* _SOURCE MATERIAL_:
--------------------------------

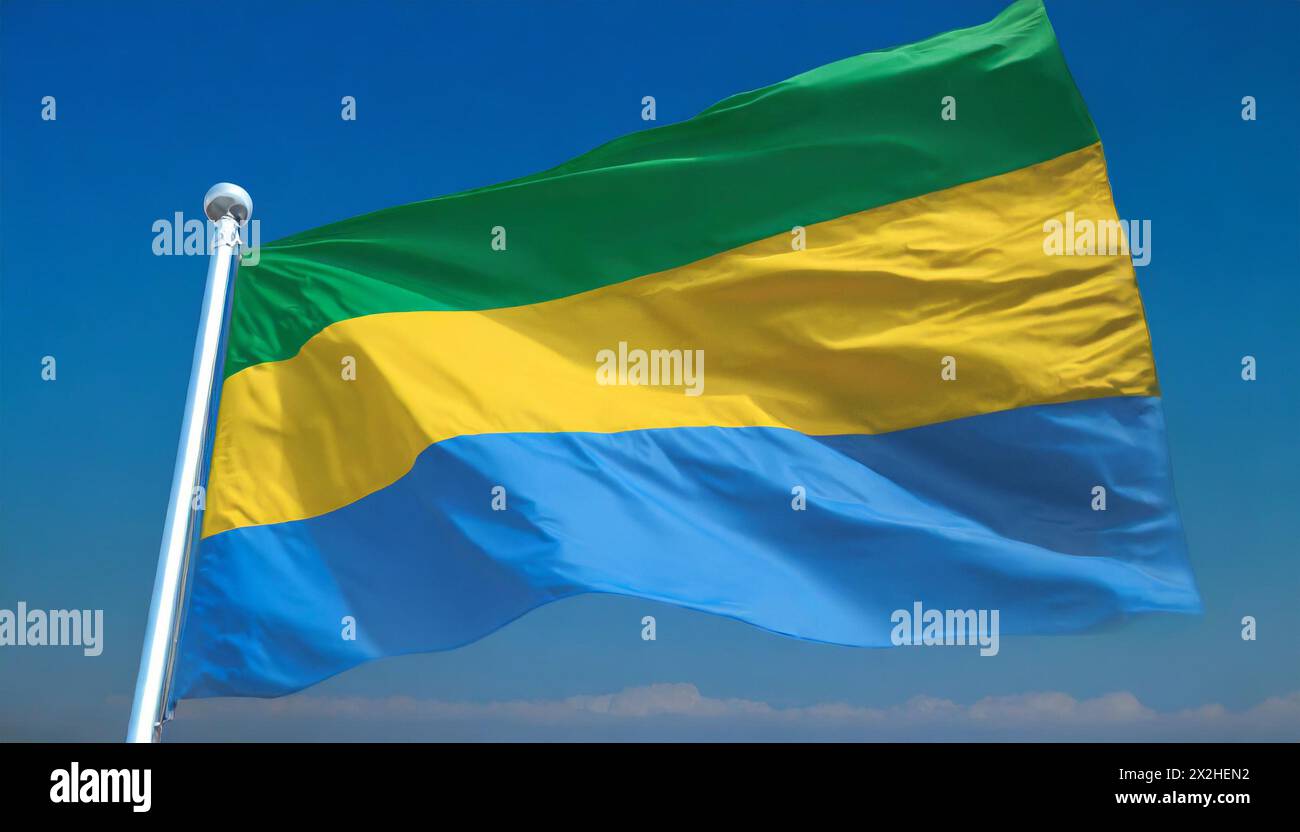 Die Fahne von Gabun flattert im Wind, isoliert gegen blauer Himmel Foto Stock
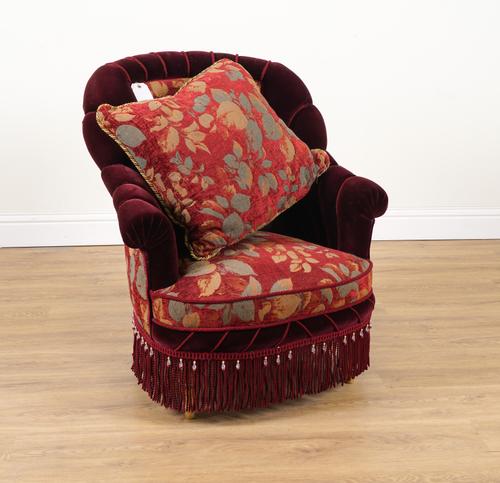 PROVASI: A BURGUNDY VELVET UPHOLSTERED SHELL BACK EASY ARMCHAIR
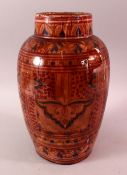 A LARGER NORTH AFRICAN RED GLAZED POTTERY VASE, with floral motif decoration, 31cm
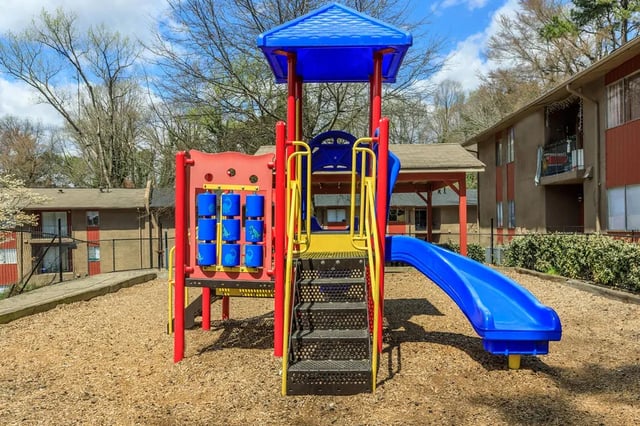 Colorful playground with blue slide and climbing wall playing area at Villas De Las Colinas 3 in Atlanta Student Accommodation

--------------------------------

* _TASK TO CARRY OUT_: Every line from the one containing "A LARGER NORTH" through the last line of the data, both included, is to be repeated exactly; the pictures are to be left out.

* _EXERCISE RESPONSE_:
 A LARGER NORTH AFRICAN RED GLAZED POTTERY VASE, with floral motif decoration, 31cm
 Colorful playground with blue slide and climbing wall playing area at Villas De Las Colinas 3 in Atlanta Student Accommodation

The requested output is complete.